Wait, you’re telling me that people respond on ads? That’s fucken crazy.
I cant confirm on this as I deleted my Facebook account 8 years ago, plus run ad-blockers. If I was in marketing and Meta told me there were positive reactions to our ad campaigns running on their site, I would take their metrics with a large pinch of salt.
Delete your Meta accts/apps instead
Can’t, already did ~10 years ago.
no no keep the bot accounts so we can get a second
Redditfacebook exodus waveI’m not sure I want the reddit/fb,/twitt people here. I personally think not having them here makes lemmy a better place, people are generally nicer here and I like that. The larger lemmy gets the bigger target we are for those large scale misinformation campaigns as well.
true
Somehow meta is only in the press for its mistakes. Are they just not doing anything well, except for keeping Facebook, Instagram and WhatsApp running?
It’s simple: They don’t do anything good
Nothing but a net-negative to society, across the board.
I mean have you heard of Llama, pytorch or Orion?

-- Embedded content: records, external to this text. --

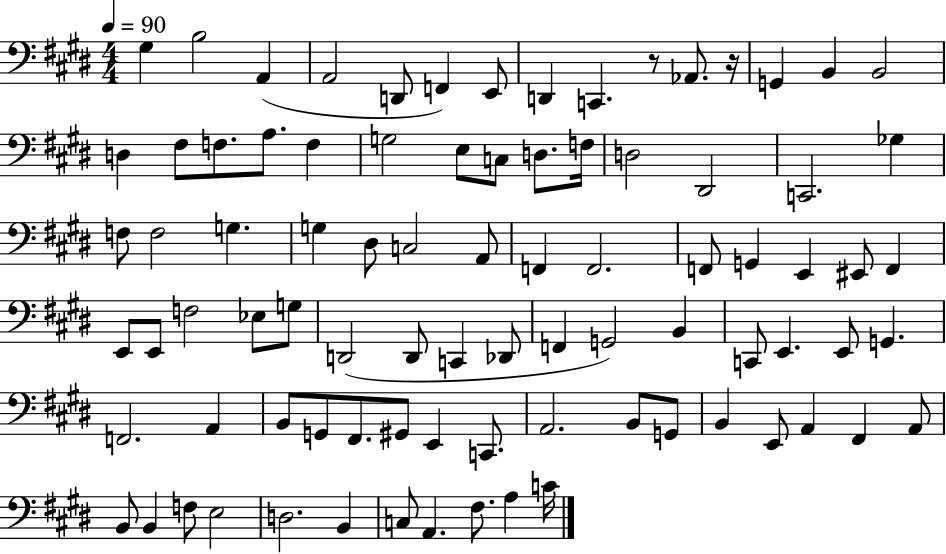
{
  \clef bass
  \numericTimeSignature
  \time 4/4
  \key e \major
  \tempo 4 = 90
  \repeat volta 2 { gis4 b2 a,4( | a,2 d,8 f,4) e,8 | d,4 c,4. r8 aes,8. r16 | g,4 b,4 b,2 | \break d4 fis8 f8. a8. f4 | g2 e8 c8 d8. f16 | d2 dis,2 | c,2. ges4 | \break f8 f2 g4. | g4 dis8 c2 a,8 | f,4 f,2. | f,8 g,4 e,4 eis,8 f,4 | \break e,8 e,8 f2 ees8 g8 | d,2( d,8 c,4 des,8 | f,4 g,2) b,4 | c,8 e,4. e,8 g,4. | \break f,2. a,4 | b,8 g,8 fis,8. gis,8 e,4 c,8. | a,2. b,8 g,8 | b,4 e,8 a,4 fis,4 a,8 | \break b,8 b,4 f8 e2 | d2. b,4 | c8 a,4. fis8. a4 c'16 | } \bar "|."
}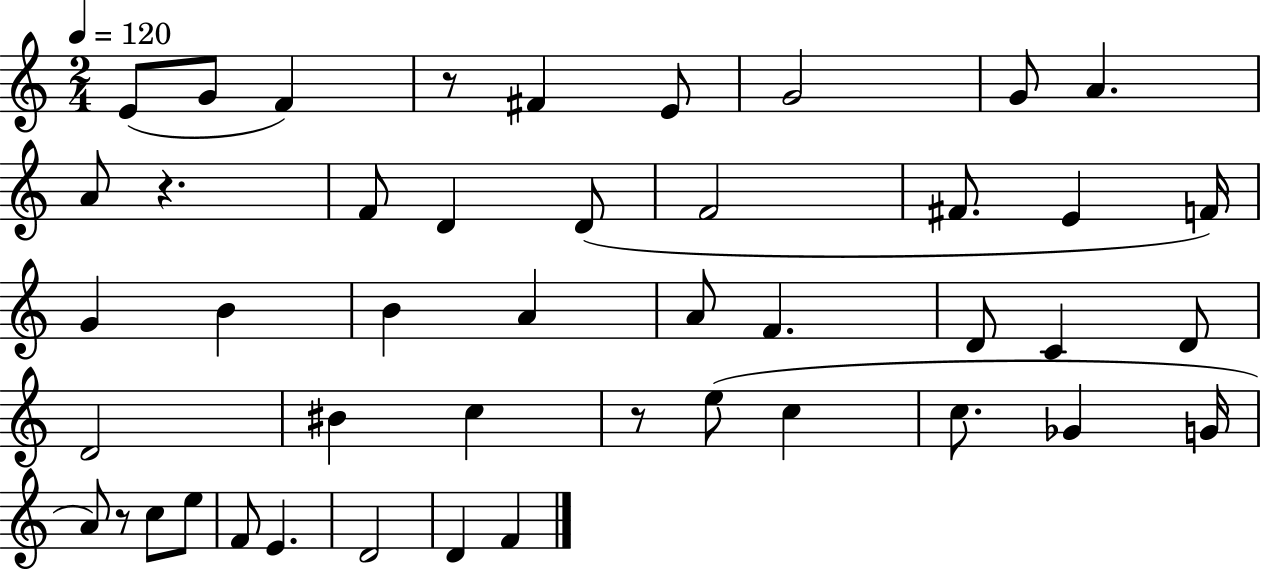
{
  \clef treble
  \numericTimeSignature
  \time 2/4
  \key c \major
  \tempo 4 = 120
  e'8( g'8 f'4) | r8 fis'4 e'8 | g'2 | g'8 a'4. | \break a'8 r4. | f'8 d'4 d'8( | f'2 | fis'8. e'4 f'16) | \break g'4 b'4 | b'4 a'4 | a'8 f'4. | d'8 c'4 d'8 | \break d'2 | bis'4 c''4 | r8 e''8( c''4 | c''8. ges'4 g'16 | \break a'8) r8 c''8 e''8 | f'8 e'4. | d'2 | d'4 f'4 | \break \bar "|."
}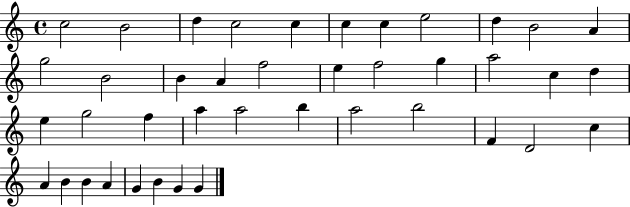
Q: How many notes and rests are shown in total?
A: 41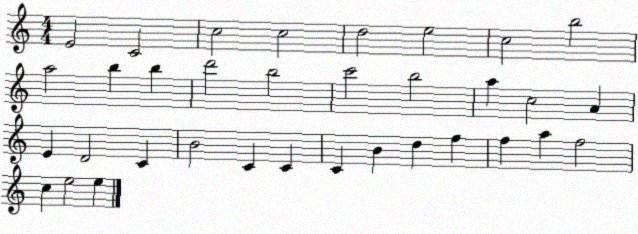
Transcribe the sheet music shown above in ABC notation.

X:1
T:Untitled
M:4/4
L:1/4
K:C
E2 C2 c2 c2 d2 e2 c2 b2 a2 b b d'2 b2 c'2 b2 a c2 A E D2 C B2 C C C B d f f a f2 c e2 e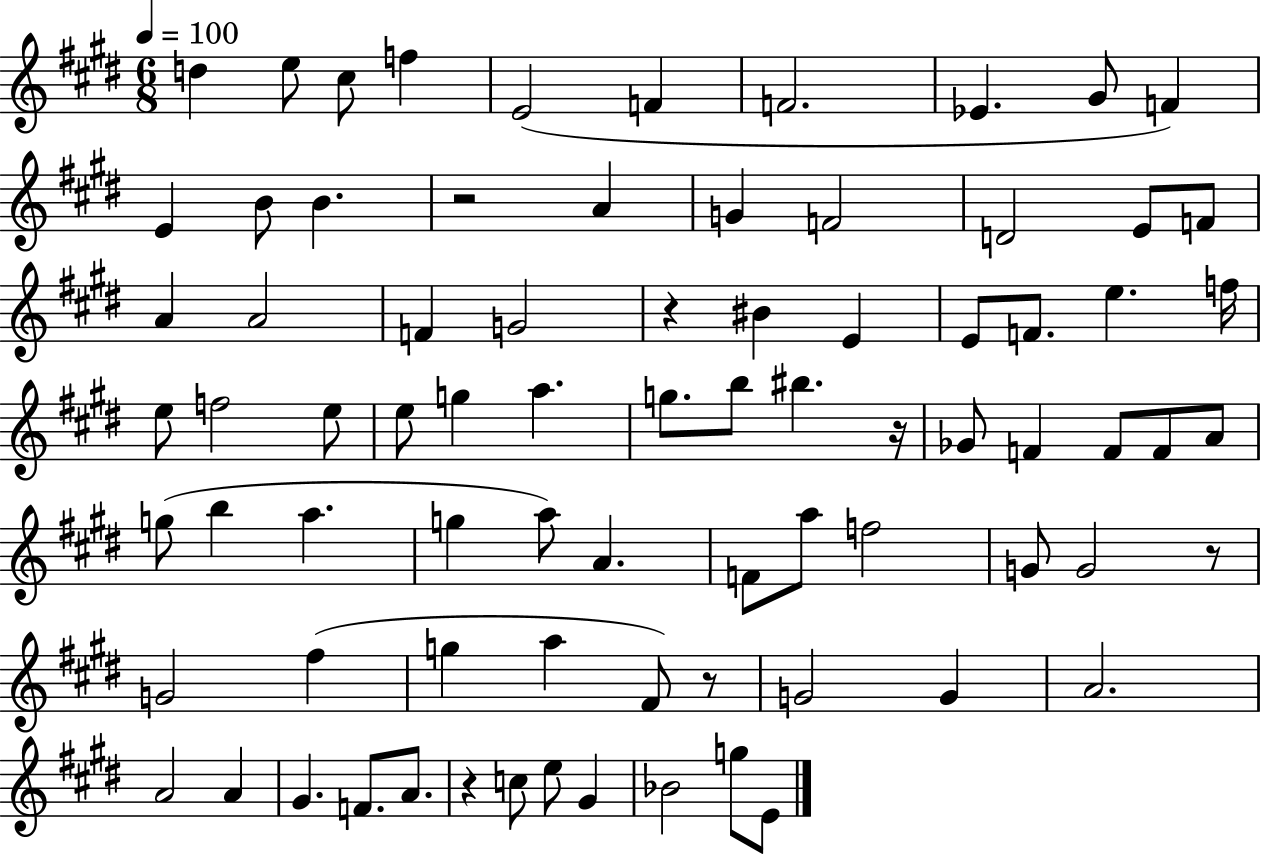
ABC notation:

X:1
T:Untitled
M:6/8
L:1/4
K:E
d e/2 ^c/2 f E2 F F2 _E ^G/2 F E B/2 B z2 A G F2 D2 E/2 F/2 A A2 F G2 z ^B E E/2 F/2 e f/4 e/2 f2 e/2 e/2 g a g/2 b/2 ^b z/4 _G/2 F F/2 F/2 A/2 g/2 b a g a/2 A F/2 a/2 f2 G/2 G2 z/2 G2 ^f g a ^F/2 z/2 G2 G A2 A2 A ^G F/2 A/2 z c/2 e/2 ^G _B2 g/2 E/2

Are you only looking at Lemmy? Because you’re not going to see positive press about Meta here.
I could go dig up positive news about them if you want, but you’d be better off doing that yourself.
I was wondering what would happen if you asked it to send you money.
I like that. “This is the Madison sheriff’s department. Your grandson Chris has been arrested and needs bail. We’ll accept payment in the form of a gift card.”
Even modest hardware can run a decent LLM. Maybe someone will open source a project to let people make their own avatars explicitly to poison the social media sites.
I’d really appreciate a low cost, high VRAM GPU to bring fancier LLMs to the average person. It would make the well poisoning that much more convincing.